Figure 1: Overview of GUI-Actor. (a) Illustration of how the action head works with a VLM for coordinate-free GUI grounding. (b) Illustration of the spatial-aware multi-patch supervision for model training, labeling image patches as positive or negative based on ground-truth bounding boxes.
<ACTOR> Token as a Contextual Anchor
In lieu of calculating precise screen coordinates, GUI-Actor introduces a <ACTOR>
token that processes visual and textual inputs simultaneously. This token serves as a contextual anchor within the model, facilitating the alignment of visual patch features with the target element.
Attention-Based Action Head
The action head computes attention scores over visual patch tokens derived from the screenshot, establishing a spatial activation map to highlight the most relevant regions for interaction. Through multi-patch supervision, the model accommodates the natural ambiguity present in GUI interactions, allowing for more robust target identification.
Grounding Verifier
A grounding verifier refines action decisions by evaluating multiple candidate regions. By scoring these candidates, the verifier enhances the model's grounding accuracy, ensuring the selected region aligns with the user's intent.
Experimental Results
GUI-Actor demonstrates state-of-the-art performance across multiple GUI grounding benchmarks, including ScreenSpot, ScreenSpot-v2, and the challenging ScreenSpot-Pro, which features high-resolution interfaces and significant domain shifts.
Figure 2: Left: Model performance vs. training data scale on the ScreenSpot-Pro benchmark. Right: Illustration of action attention. GUI-Actor grounds target elements by attending to the most relevant visual regions.

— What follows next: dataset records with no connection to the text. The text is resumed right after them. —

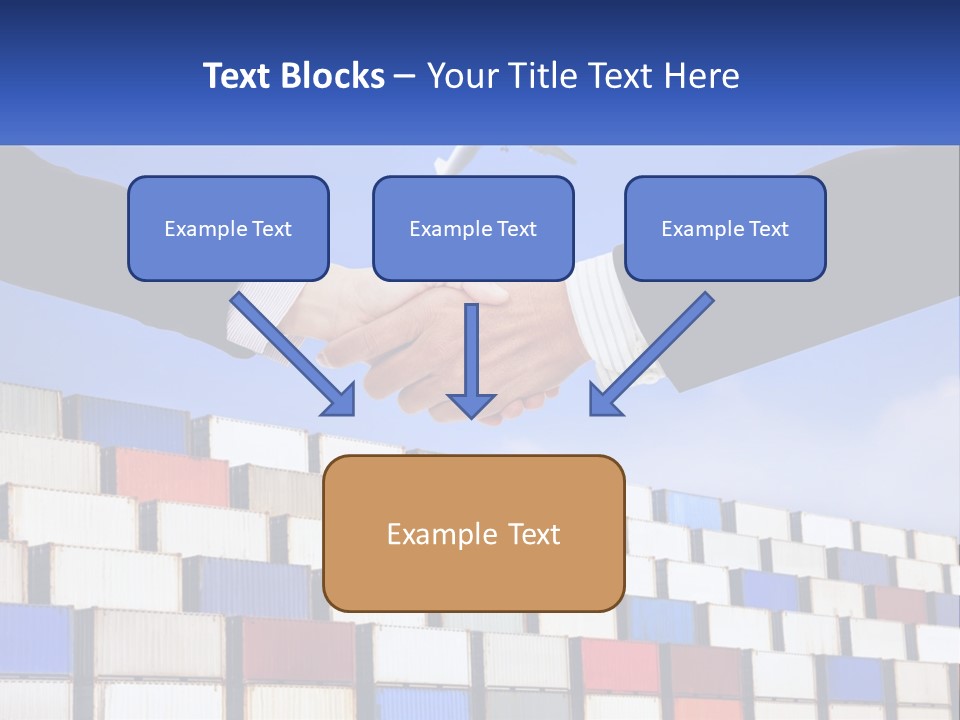 Two People Shaking Hands In Front Of A Wall Of Shipping Containers PowerPoint Template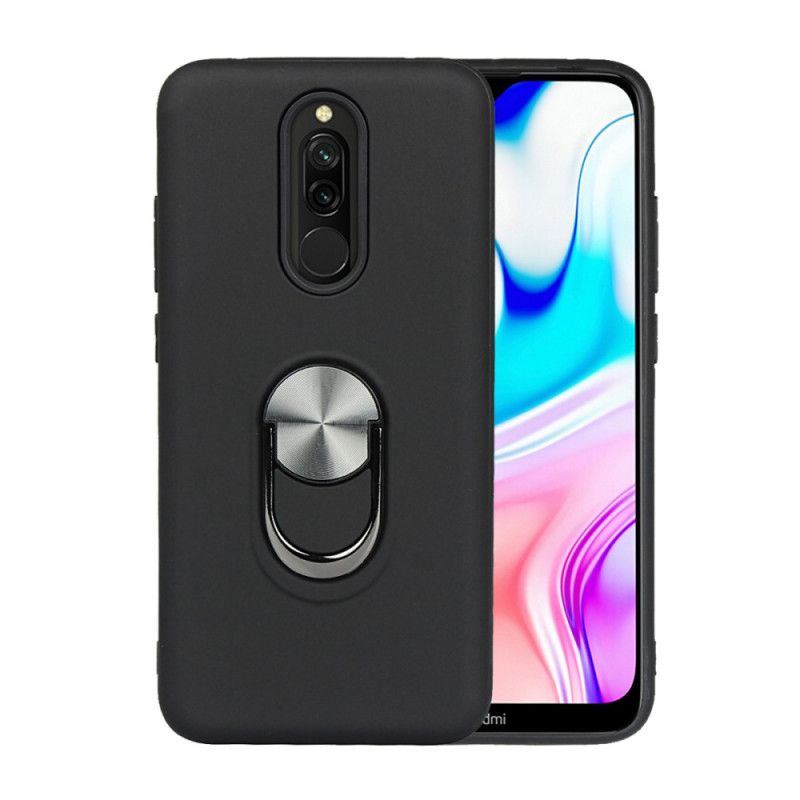 Kuori Xiaomi Redmi 8 Punainen Musta Irrotettava Tukirenkaalla Suojakuori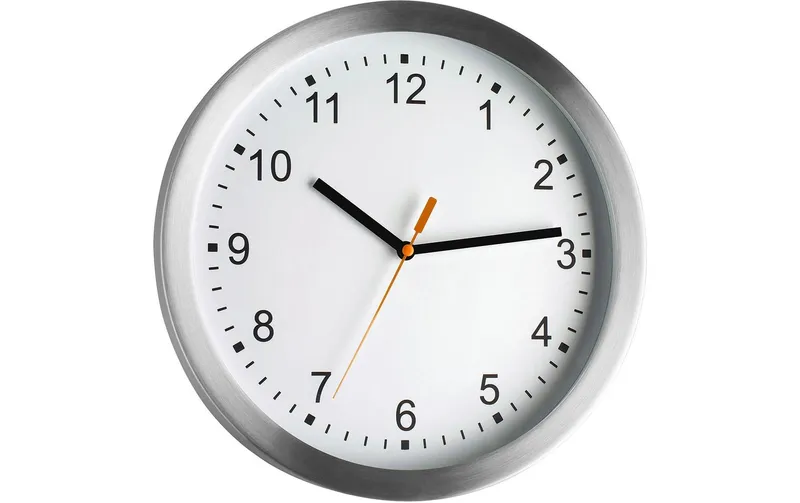 TFA Dostmann Wanduhr with aluminiumrahmen silver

GUI-Actor outperforms previously established methods, especially under conditions that demand high generalization capabilities. The coordinate-free approach allows GUI-Actor to maintain competitive accuracy even with models that possess significantly fewer parameters and training data.
Robustness and Efficiency
Figure 3: Accuracy Progression Over Training Steps.
GUI-Actor achieves enhanced sample efficiency, requiring less training data compared to coordinate-based approaches to reach similar or superior levels of accuracy. This efficiency is attributed to the model's explicit use of spatial-semantic alignment through its novel attention mechanism.
Discussion on Practical Implications
GUI-Actor exemplifies how VLMs can be tailored for GUI interaction without compromising their general-purpose capabilities. By fine-tuning only the newly introduced action head, the model equips the underlying VLM with effective visual grounding features, preserving its broad utility. The integration of a verifier further exemplifies the model's ability to refine action decisions efficiently, highlighting its potential for real-world applications across diverse user interfaces.
Conclusion
The GUI-Actor framework represents a significant advancement in the development of GUI agents, effectively circumventing the limitations of coordinate-based visual grounding methods. Its innovative use of attention-based mechanisms for direct region identification, coupled with a lightweight verifier, equips GUI agents with robust grounding capabilities adaptable to various screen configurations. The experimental results underscore its potential to set new standards in the field of GUI interactions, paving the path for future research on enhanced VLM integration for user interface tasks.